In fact, Benedictine College’s Transforming Culture in America plan has already transformed me. Working with Dean Kimberly Shankman on creating the Center for Constitutional Liberty revealed the Catholics thought that backs America’s founding principles. Promoting the Center for Beauty and Culture and its director Denis McNamara has given me a whole new understanding of the sacramentality of the Mass and of the art and architecture that surounds it. Examining the Catholic case for care for the environment in preparing the Center for Eco-Stewardship convinces me of its importance. Seeing Catholic convert and former Anglican pastor Tory Baucum share the truths St. John Paul II revealed in the Center for Family Life reminded me how powerful these truths are.

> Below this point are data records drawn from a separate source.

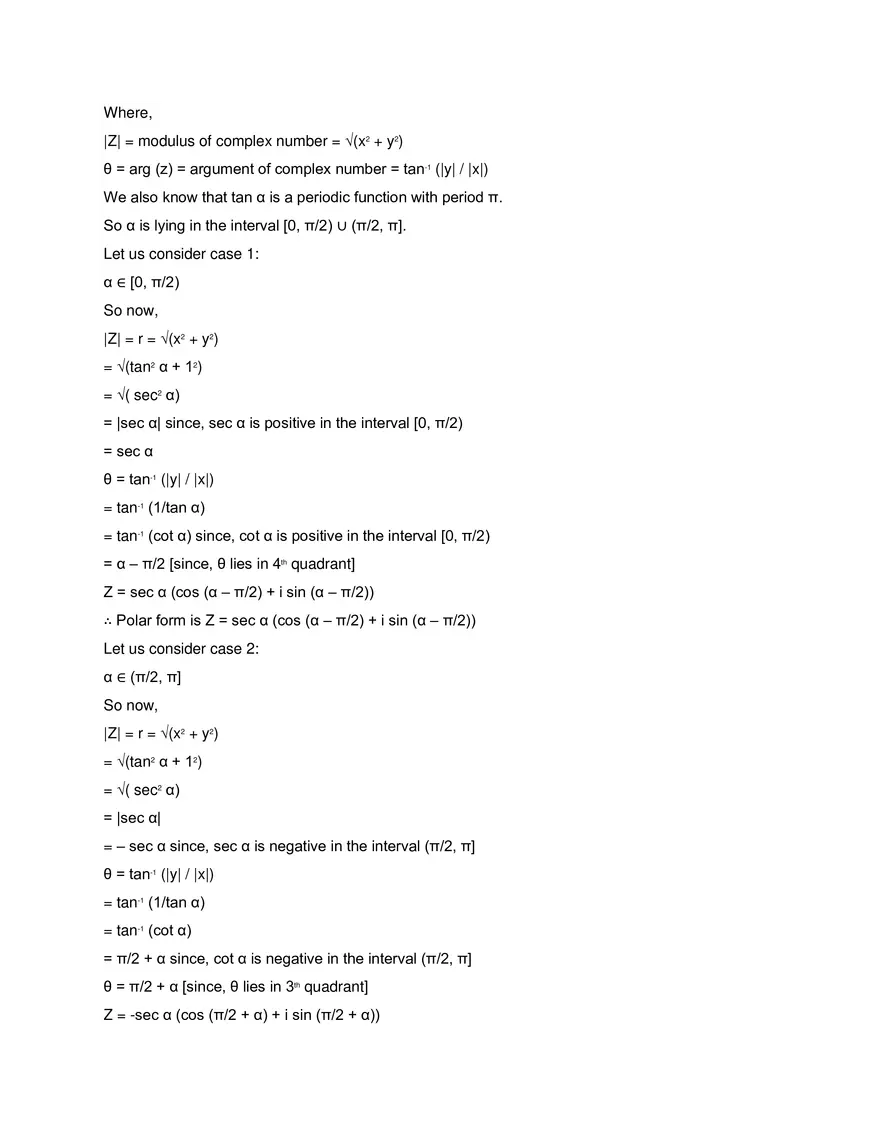 RD Sharma Solutions for Class 11 Maths Chapter 13 Complex - Page 39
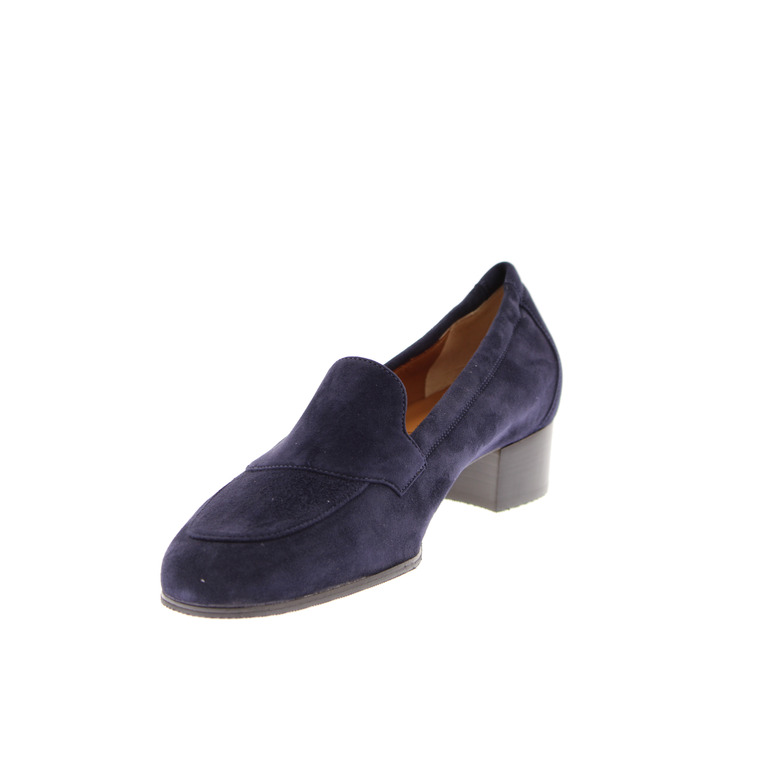 Volpato mocassins blauw 3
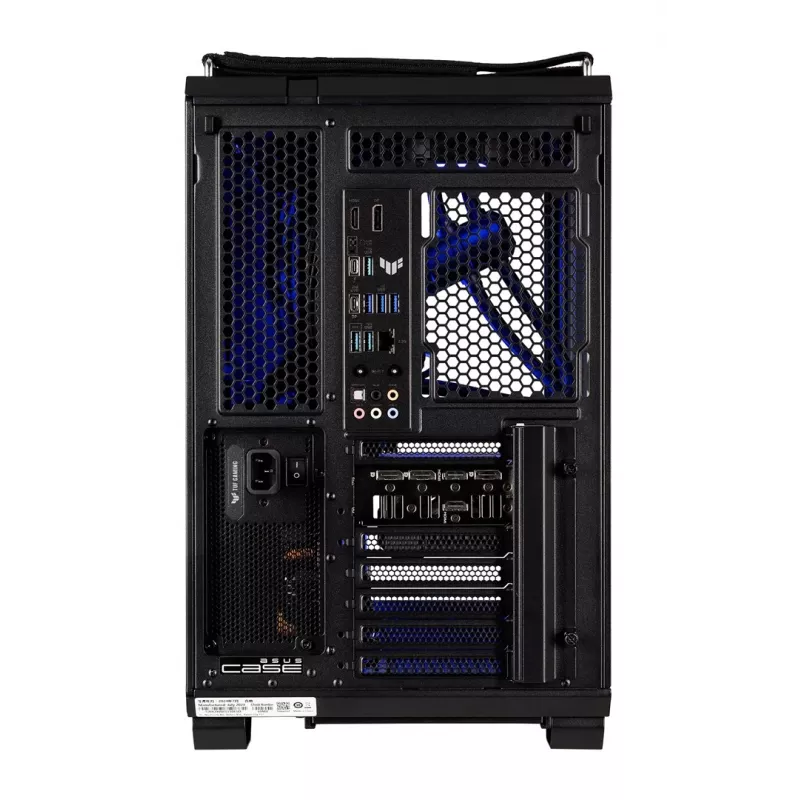 Actina pc Intel Core Ultra 9 285K 64 GB DDR5-SDRAM 2 TB SSD NVIDIA GeForce RTX 5090 midi tower zwart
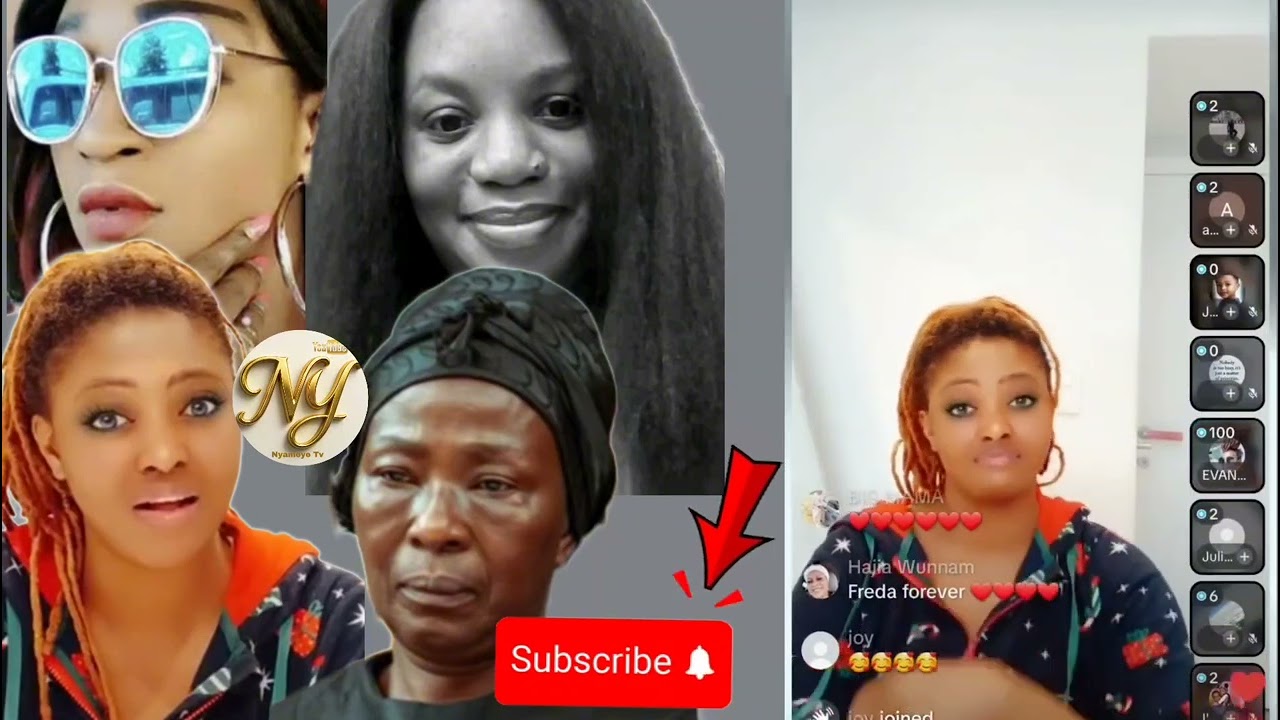 UNSEEN Radioactive and Freda Afriyie were on tiktok live and was exposing Akosua Serwaa big time...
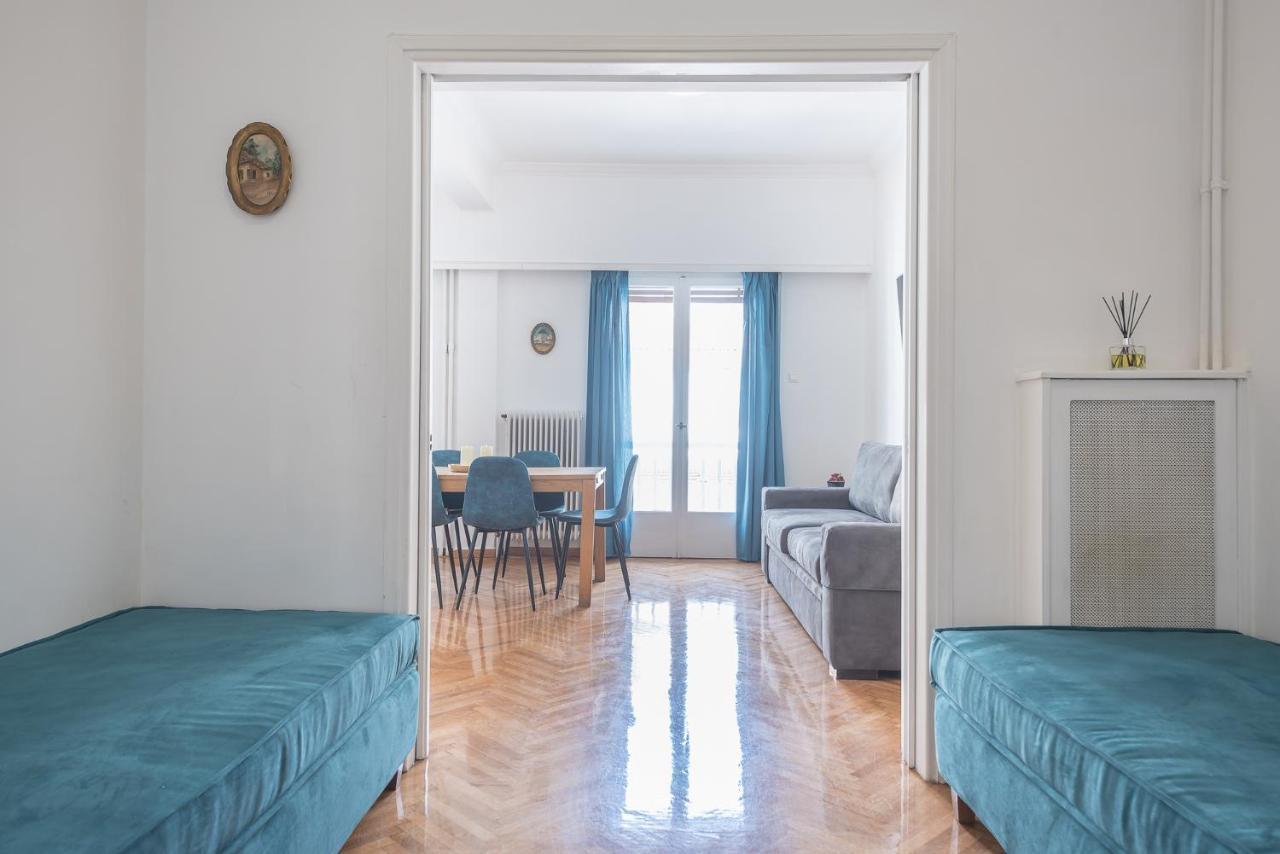 Victoria Sun Apartments Atina Dış mekan fotoğraf
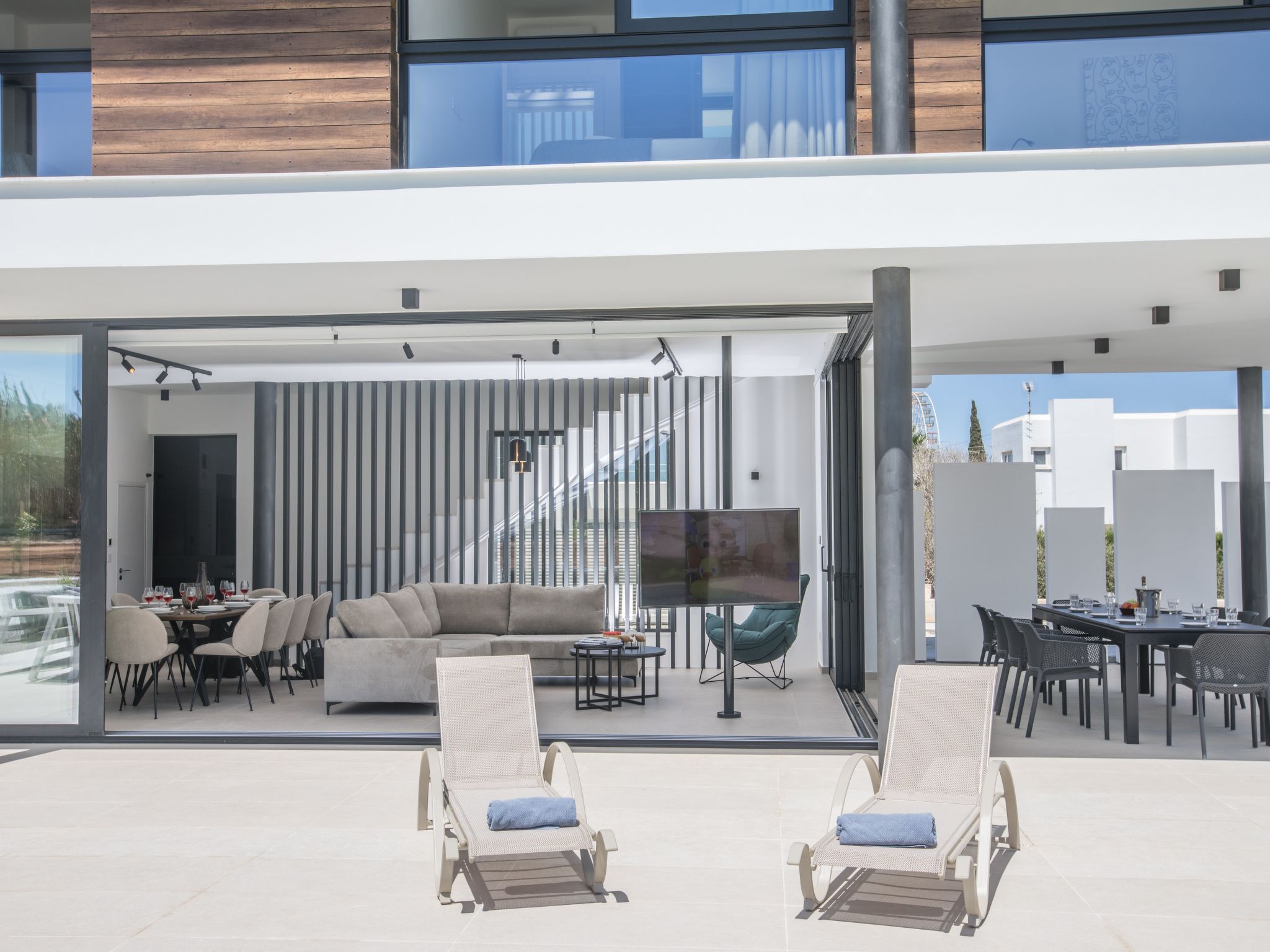 Mit Privatpool für 11 Personen ca. 220 m&sup2; in Protaras, Südküste von Zypern-Image-tags.info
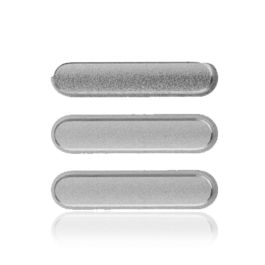 Buy reliable spare parts with Lifetime Warranty | Sidekey Button Set for iPad 7 / 8 / 9 Silver Original | Fast Delivery from our warehouse in Sweden!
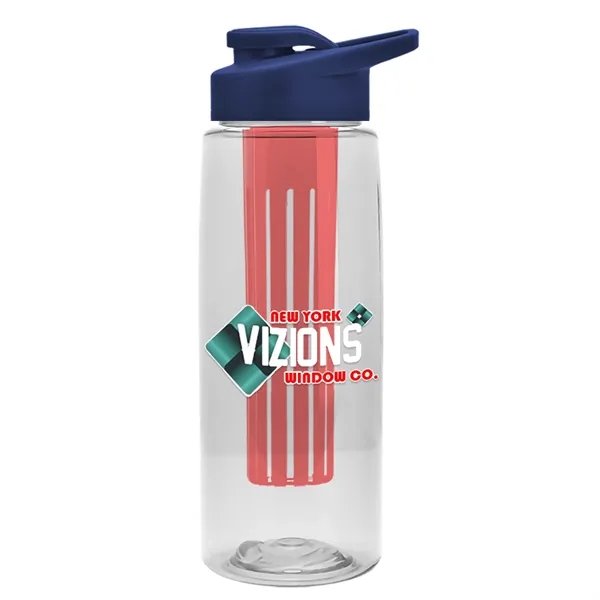 Garyline® Flair Tritan® Bottle with Drink-Thru Lid and In...... from ASI 40480 Koozie Group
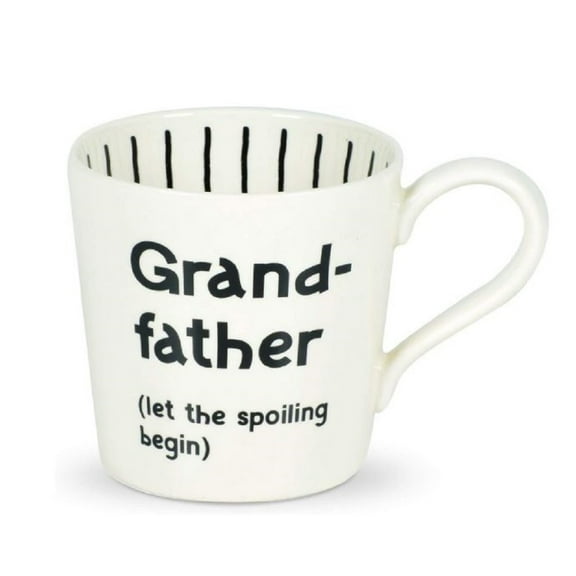Our Name is Mud PARENTheses Grandfather Coffee Mug 6006256 New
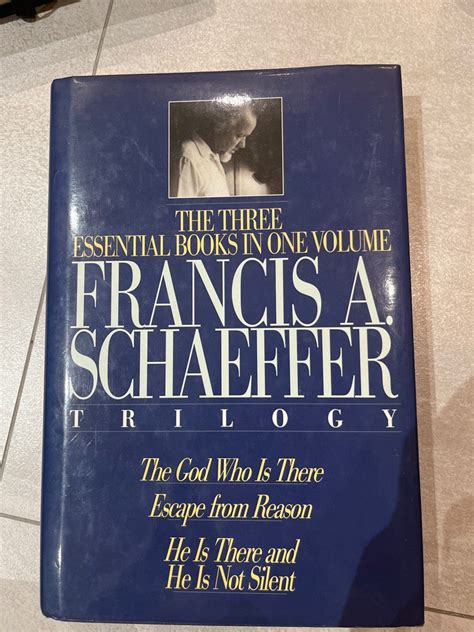 Francis Schaeffer Trilogy, Hobbies & Toys, Books & Magazines, Religion ...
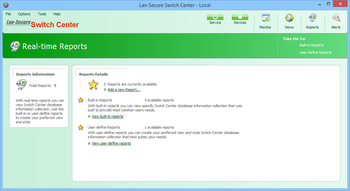 Switch Center Workgroup screenshot 4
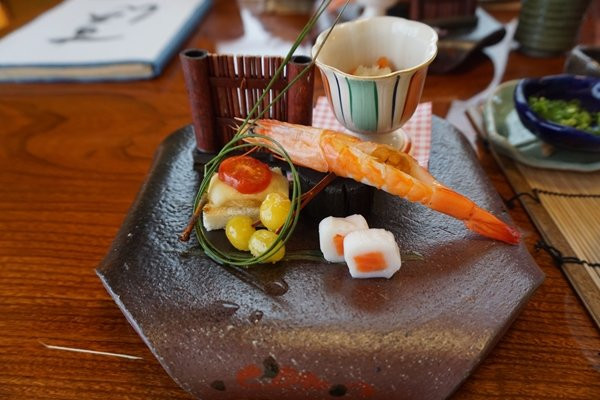 そば懐石・すあん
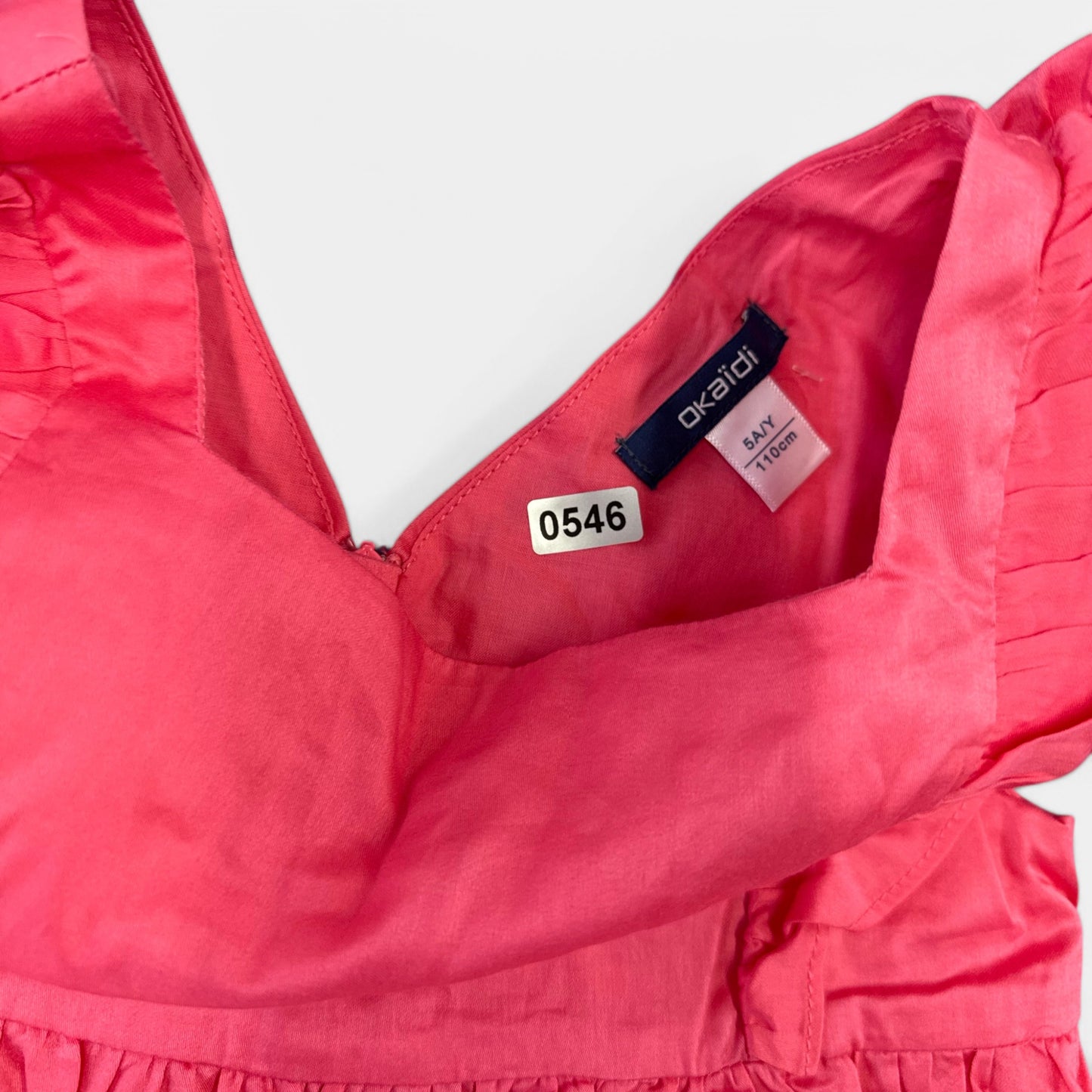 Robe Okaïdi : 5 ans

But I digress. The point is that universities have always transformed culture, and there is no reason to think that they won’t do so again. The Truth can be avoided for a time, covered over or studiously ignored, but it will never go away. It will always reassert itself.
As Cardinal Timothy Dolan put it when he visited our campus a few years ago, “The dream and dare of the Benedictines to renew culture through Catholic higher education is as game-changing today as it was in the sixth century.”
Benedictine College’s plan to Transform Culture in America is not just a crazy dream — it is the very thing a Benedictine college exists to do. And we will do it the Benedictine way: through community, faith and scholarship.